There are numerous methods of nostril narrowing with different locations of the tissues removed based on the exact changes that are desired. The most common method is an internal excision of the sill to reduce transverse alar width. It has the advantage of the most hidden scar and is usually good for up to 4mms width reduction per side.,

But in the wide flared nostrils, often associated with weak tip projection, sill excision is inadequate and will have minimal effect on reducing the flaring. Such flaring can only be reduced by a full thickness wedge excision of the base of the nostril. Such wedge excisions are comprised of skin and fibrofatty tissue. Based on how the wedge excision is marked along the outer nostrils the internal mucosal lining of the nostril may also be removed. 
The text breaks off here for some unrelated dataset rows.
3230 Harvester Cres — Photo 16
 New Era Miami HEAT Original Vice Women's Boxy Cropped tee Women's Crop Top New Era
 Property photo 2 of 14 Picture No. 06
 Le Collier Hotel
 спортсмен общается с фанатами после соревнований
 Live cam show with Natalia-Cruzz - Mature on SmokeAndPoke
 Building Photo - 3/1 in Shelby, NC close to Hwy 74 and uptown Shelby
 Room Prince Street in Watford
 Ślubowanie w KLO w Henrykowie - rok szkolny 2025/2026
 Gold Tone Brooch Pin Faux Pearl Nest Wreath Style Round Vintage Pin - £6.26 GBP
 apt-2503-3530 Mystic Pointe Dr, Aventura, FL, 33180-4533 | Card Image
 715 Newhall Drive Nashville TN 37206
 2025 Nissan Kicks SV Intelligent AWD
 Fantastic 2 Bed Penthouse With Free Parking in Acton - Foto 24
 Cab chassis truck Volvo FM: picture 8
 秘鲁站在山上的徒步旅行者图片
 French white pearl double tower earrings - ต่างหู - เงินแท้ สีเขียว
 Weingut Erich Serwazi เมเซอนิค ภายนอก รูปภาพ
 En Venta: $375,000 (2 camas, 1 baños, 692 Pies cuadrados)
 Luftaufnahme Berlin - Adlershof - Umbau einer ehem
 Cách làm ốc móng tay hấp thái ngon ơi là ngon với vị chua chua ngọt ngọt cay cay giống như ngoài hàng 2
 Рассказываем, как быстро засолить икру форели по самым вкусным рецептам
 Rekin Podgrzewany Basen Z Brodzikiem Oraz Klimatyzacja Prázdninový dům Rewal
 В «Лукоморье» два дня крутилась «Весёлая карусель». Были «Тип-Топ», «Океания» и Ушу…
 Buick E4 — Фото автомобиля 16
There are different ways to orient this wedge excision based on the desired effect. Most commonly the wedge excision wraps around the nostril to include both sides of the nostril for maximum flaring reduction. But to prevent making the nostrils too narrow, based on the projection and width of the nasal tip, the wedge excision can stop short of going inside the nostril. This reduces nostril thickness and flaring but keeps the intranostril width reduction more limited to avoid the risk of overly narrowed pinched nostrils. (which is irreversible)

This approach to flared nostrils is useful when the tip is not overly long or narrow. It keeps the side of the nose in proportion to its central shape.